[The task] For the records that follow, please set down exactly the lines between the one holding "Fifth, working on" and the one holding "Once you hit", inclusive, and only those.

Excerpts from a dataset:
------------------------------------

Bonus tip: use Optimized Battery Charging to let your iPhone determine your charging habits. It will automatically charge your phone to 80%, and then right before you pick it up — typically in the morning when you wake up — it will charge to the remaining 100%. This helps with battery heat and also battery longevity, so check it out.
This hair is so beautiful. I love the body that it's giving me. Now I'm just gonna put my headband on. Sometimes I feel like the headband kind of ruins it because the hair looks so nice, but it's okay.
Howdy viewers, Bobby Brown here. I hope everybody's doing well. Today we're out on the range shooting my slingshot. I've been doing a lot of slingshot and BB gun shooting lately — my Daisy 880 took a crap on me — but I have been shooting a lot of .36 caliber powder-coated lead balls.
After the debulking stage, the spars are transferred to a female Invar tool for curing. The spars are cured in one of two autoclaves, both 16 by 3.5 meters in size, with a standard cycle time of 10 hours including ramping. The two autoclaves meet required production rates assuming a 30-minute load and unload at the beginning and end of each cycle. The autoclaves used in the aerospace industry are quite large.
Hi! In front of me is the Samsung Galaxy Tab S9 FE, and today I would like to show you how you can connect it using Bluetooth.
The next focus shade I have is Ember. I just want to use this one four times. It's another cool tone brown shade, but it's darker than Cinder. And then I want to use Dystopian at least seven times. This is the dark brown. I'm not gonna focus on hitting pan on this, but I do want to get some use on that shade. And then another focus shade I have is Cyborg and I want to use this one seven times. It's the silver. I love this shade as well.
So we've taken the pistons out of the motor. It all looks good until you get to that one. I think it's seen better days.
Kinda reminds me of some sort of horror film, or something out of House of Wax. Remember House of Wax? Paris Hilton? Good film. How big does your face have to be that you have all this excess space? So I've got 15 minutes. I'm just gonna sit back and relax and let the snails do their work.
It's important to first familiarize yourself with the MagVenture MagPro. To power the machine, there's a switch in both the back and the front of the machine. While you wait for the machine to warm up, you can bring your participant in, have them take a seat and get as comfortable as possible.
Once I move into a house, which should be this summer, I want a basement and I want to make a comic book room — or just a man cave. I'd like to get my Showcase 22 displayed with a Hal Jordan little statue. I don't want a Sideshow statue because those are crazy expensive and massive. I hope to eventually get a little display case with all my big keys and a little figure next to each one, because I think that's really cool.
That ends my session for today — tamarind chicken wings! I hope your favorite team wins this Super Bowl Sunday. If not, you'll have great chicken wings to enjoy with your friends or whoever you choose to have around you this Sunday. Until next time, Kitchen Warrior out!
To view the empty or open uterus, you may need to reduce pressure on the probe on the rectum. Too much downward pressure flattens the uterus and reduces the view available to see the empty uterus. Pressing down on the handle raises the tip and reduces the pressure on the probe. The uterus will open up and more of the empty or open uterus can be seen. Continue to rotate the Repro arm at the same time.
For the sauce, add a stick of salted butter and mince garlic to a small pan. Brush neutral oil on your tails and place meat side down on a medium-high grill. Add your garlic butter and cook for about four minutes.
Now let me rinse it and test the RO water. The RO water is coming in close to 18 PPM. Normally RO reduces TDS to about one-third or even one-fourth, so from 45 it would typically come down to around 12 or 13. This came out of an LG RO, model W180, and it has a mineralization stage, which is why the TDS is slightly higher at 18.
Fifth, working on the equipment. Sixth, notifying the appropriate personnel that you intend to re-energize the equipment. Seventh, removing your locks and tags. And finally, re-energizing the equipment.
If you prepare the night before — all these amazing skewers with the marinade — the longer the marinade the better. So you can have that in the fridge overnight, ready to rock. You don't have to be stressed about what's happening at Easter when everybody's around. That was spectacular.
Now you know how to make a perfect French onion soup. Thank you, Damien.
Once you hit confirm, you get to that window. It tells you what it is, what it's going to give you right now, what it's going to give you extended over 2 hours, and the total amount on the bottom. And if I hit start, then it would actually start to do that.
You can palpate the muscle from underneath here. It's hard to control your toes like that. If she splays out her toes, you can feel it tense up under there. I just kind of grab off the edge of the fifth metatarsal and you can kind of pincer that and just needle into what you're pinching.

------------------------------------

[Expected answer]
Fifth, working on the equipment. Sixth, notifying the appropriate personnel that you intend to re-energize the equipment. Seventh, removing your locks and tags. And finally, re-energizing the equipment.
If you prepare the night before — all these amazing skewers with the marinade — the longer the marinade the better. So you can have that in the fridge overnight, ready to rock. You don't have to be stressed about what's happening at Easter when everybody's around. That was spectacular.
Now you know how to make a perfect French onion soup. Thank you, Damien.
Once you hit confirm, you get to that window. It tells you what it is, what it's going to give you right now, what it's going to give you extended over 2 hours, and the total amount on the bottom. And if I hit start, then it would actually start to do that.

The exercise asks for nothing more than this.